President Donald Trump's in-laws are officially United States citizens.
Viktor and Amalija Knavs, the parents of first lady Melania Trump, were granted citizenship Thursday, their immigration attorney, Michael Wildes, announced.
"It went well and they are very grateful and appreciative of this wonderful day for their family," he said in a statement to CNN.
The first lady's office declined to comment.
Viktor and Amalija Knavs, who are from Slovenia, had been living in the United States with green cards and have been frequently spotted in Washington since their son-in-law assumed the presidency.
Wildes told CNN that as of February, the couple were living in the US on green cards -- a status that allows them to live and work in the US indefinitely and paves the way for citizenship.
But it's unclear whether their green cards were granted by a process the President has sought to end.
"I can confirm they are green card holders and legal permanent residents of the United States," he said. Wildes did not explain how they got those green cards, raising the prospect they were sponsored by Melania Trump or another family member based on what Trump has called "chain migration" or family-based migration.

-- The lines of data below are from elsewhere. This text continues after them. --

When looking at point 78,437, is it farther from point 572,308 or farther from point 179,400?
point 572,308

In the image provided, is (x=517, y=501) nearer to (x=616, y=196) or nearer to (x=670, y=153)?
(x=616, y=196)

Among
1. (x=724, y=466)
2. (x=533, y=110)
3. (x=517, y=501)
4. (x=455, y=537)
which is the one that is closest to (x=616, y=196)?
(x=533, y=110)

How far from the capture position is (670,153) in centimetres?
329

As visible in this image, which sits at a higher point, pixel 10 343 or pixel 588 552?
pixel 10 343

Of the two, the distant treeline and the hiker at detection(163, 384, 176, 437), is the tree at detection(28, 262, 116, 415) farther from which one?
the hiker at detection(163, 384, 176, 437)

There are only a handful of ways that immigrants to the US can obtain green cards, and the largest share of them each year are given out based on familial connections. A smaller number go to immigrants based on their employment, and other categories include refugees and other special cases. Advocates for restricting legal immigration have pointed to the imbalance in favor of family connections as evidence of the need for reform, calling for a "merit-based" system that would choose immigrants based on need in the US.

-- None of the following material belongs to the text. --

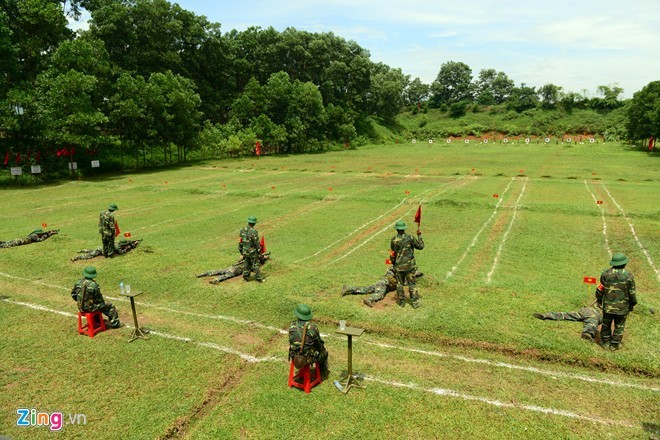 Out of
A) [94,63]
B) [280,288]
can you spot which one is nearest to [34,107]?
[94,63]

The US allows a number of ways for US citizens and legal permanent residents to sponsor family members to come to the US permanently, including categories for parents, adult siblings and adult children, married and unmarried.

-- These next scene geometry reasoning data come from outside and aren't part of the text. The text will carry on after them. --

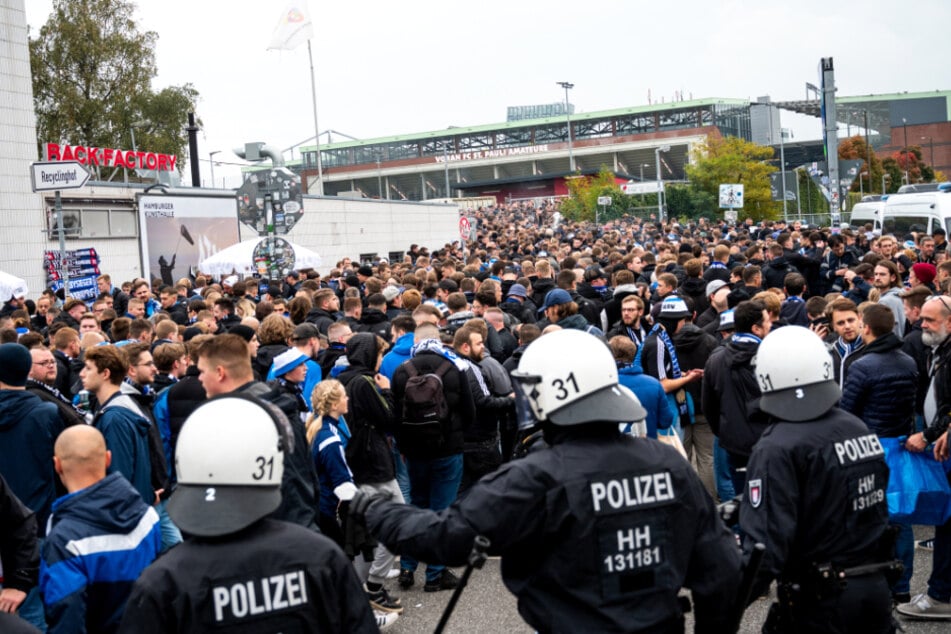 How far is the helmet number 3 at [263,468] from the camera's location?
9.50ft

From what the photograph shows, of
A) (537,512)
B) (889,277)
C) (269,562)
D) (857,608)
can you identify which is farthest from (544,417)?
(889,277)

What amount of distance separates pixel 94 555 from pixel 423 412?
330cm

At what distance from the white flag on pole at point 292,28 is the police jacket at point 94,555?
35.1 metres

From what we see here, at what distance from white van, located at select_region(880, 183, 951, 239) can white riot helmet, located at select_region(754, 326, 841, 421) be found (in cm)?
1842

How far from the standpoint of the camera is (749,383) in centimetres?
703

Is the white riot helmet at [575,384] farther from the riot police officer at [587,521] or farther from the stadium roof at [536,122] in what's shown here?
the stadium roof at [536,122]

Trump and his congressional allies have fought to slash that dramatically, limiting sponsorship to spouses and minor children, including dropping the threshold for minor children from 21 to 18. Experts estimate that could cut overall immigration to the US by 40% to 50%, if those green cards are not reallocated to another category. Trump has advocated a "merit-based" system, but has not proposed any method of admitting immigrants to the US to replace those categories.
Viktor and Amalija Knavs, 73 and 71 years old, respectively, are retired, and they maintain regular contact with the Trump family, often traveling with the first family on trips to Mar-a-Lago and Bedminster, New Jersey.